Dans l’étude de la question des « ministères féminins », il faut s’interroger sur le point de départ de l’inventaire des données bibliques. Ce que l’on fait souvent, c’est de démarrer avec les textes apparemment restrictifs, et de terminer avec eux, sans avoir été voir ailleurs. Cette démarche présente l’inconvénient de nous faire passer à côté de beaucoup d’autres données, qui portent, pour certaines, sur des aspects plus fondamentaux des ministères que tel ou tel verset biblique isolé.

L’Évangile de Matthieu, par exemple, dans sa définition de la communauté des disciples de Jésus traite de questions aussi essentielles que la mission des disciples et la régulation des relations dans la communauté. Il peut donc constituer un point de départ intéressant.

La communauté des disciples, pour Matthieu, a pour modèle le groupe des Douze.

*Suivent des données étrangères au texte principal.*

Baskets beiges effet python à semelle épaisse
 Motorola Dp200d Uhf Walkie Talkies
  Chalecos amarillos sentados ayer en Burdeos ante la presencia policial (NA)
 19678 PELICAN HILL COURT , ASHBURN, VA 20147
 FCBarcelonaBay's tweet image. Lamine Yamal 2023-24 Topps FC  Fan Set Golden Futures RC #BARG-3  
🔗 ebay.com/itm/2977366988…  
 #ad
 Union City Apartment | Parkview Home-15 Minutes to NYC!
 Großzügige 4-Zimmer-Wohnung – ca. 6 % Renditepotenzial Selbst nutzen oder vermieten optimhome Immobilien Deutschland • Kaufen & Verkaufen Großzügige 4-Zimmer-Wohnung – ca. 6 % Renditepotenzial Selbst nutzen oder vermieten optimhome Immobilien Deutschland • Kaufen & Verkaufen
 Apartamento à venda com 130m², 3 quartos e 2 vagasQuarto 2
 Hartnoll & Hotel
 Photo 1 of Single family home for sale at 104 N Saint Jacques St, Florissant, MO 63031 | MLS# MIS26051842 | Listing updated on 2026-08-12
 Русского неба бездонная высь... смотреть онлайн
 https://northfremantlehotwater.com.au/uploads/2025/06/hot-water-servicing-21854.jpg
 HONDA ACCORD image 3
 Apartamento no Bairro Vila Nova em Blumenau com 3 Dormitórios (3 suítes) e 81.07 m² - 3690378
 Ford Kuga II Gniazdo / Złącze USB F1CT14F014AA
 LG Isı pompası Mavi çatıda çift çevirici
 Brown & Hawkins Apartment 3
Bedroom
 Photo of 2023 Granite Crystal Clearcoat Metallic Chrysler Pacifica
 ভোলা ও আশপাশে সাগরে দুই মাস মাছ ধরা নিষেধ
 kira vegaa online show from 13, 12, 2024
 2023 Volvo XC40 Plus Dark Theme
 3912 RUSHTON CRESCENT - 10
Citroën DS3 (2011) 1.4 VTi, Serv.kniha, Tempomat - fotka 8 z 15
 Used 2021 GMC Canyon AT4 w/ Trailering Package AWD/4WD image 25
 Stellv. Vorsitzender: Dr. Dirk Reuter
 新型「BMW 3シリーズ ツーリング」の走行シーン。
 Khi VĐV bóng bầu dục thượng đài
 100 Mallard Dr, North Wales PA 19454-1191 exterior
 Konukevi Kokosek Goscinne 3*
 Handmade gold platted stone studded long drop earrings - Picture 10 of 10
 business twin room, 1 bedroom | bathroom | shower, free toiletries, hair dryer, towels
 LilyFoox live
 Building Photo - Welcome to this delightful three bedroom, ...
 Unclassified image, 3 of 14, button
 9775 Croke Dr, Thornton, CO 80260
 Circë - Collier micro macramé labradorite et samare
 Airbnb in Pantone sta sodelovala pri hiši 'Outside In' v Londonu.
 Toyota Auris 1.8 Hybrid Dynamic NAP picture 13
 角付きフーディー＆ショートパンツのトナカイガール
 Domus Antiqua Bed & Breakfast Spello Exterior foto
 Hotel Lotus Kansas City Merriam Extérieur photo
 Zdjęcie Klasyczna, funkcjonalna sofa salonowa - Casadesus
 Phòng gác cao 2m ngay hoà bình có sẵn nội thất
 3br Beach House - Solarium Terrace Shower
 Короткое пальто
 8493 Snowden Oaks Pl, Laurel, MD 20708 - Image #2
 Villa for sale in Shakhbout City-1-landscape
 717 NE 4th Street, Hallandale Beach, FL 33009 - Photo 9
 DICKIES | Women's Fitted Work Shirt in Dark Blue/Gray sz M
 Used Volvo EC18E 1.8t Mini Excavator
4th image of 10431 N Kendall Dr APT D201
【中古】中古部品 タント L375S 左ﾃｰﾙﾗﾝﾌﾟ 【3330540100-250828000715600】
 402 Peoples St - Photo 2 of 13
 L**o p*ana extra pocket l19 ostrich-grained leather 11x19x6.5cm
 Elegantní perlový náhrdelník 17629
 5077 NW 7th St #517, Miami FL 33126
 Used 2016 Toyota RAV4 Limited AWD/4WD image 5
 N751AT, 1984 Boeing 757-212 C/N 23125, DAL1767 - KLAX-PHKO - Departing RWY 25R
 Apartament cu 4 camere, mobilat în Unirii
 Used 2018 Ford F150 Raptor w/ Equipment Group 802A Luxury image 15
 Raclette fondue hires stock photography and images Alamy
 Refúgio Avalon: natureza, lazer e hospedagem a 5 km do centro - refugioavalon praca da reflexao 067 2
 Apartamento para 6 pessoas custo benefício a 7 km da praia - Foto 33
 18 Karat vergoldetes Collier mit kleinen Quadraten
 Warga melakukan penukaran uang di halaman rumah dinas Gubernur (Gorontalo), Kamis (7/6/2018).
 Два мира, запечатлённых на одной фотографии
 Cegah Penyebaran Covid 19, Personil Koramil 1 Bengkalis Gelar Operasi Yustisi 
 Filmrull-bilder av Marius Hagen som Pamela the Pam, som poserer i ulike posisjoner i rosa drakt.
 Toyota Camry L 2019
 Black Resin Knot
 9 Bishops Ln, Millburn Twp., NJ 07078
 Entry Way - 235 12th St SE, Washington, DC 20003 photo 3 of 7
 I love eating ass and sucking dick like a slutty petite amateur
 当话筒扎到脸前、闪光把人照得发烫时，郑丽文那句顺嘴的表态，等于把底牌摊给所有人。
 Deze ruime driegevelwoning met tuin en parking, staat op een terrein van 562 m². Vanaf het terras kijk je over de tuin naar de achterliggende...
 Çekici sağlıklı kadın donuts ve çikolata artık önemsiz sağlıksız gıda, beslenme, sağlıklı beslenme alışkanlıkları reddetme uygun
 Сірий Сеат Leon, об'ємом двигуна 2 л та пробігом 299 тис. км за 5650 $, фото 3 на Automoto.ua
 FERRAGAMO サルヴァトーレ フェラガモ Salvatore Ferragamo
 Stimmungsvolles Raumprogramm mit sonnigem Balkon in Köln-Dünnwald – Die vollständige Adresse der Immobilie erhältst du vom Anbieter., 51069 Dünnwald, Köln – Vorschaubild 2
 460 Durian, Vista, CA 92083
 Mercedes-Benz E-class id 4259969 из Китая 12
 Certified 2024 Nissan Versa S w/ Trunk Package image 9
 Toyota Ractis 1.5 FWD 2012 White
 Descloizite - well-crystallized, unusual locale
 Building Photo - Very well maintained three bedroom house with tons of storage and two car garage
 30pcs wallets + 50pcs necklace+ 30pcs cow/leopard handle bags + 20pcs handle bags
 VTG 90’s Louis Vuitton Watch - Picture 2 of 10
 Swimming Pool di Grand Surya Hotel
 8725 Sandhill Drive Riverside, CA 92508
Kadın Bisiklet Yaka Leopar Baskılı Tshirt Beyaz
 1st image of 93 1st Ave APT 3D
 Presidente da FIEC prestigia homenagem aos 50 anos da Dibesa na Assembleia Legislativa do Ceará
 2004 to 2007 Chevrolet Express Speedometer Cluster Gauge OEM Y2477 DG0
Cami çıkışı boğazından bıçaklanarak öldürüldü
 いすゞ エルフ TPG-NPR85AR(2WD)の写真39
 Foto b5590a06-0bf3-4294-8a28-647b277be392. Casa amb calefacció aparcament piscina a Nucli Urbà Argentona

C’est avec les Douze que nous sommes invités à parcourir le chemin du disciple et à comprendre ce que Jésus attend de nous. Mais pour que l’on ne pense pas que ce modèle des Douze ne nous concerne pas, Matthieu montre comment de nombreux hommes et femmes, qui ne sont pas nécessairement appelés « disciples », agissent comme des disciples, ou des disciples potentiels. On peut citer la belle-mère de Pierre qui se lève et se met au service de Jésus ; le centurion romain qui met en œuvre une foi remarquable ; et bien d’autres, jusqu’aux femmes « témoins apostoliques » de la résurrection de Jésus, qui portent la bonne nouvelle aux Douze.



La stratégie pédagogique de Matthieu est donc grosso modo la suivante : les lecteurs sont invités à s’identifier aux Douze, dont le parcours va leur montrer ce que signifie être disciple de Jésus. Mais pour que le modèle ne soit pas distant ni exclusif, des exemples précis sont donnés d’hommes et de femmes qui entrent dans cette démarche de disciple et même qui la conduisent jusqu'au point de témoigner du Christ ressuscité aux Douze eux-mêmes, devenant ainsi, selon l’expression de N.T. Wright, « apôtres pour les apôtres ».

Cela signifie qu’a priori, le programme de formation de l’Évangile de Matthieu n’envisage pas de restriction liée au sexe de la personne en matière d’engagement et de mission de disciple. Lorsque Matthieu parle de la mission des disciples, de l’autorité qui leur est donnée de guérir, de prêcher (ch.10), il ne part d’aucune restriction préalable. Lorsque Matthieu parle de la gestion des relations dans l’Église (ch.18 ; dans une certaine mesure, on pourrait parler ici de gestion « pastorale » des relations et des conflits), il n’envisage aucune restriction préalable.

Il y a là un point de départ intéressant. L’Évangile de Luc le présente à sa manière, particulièrement insistante, qu’il faudra aussi étudier.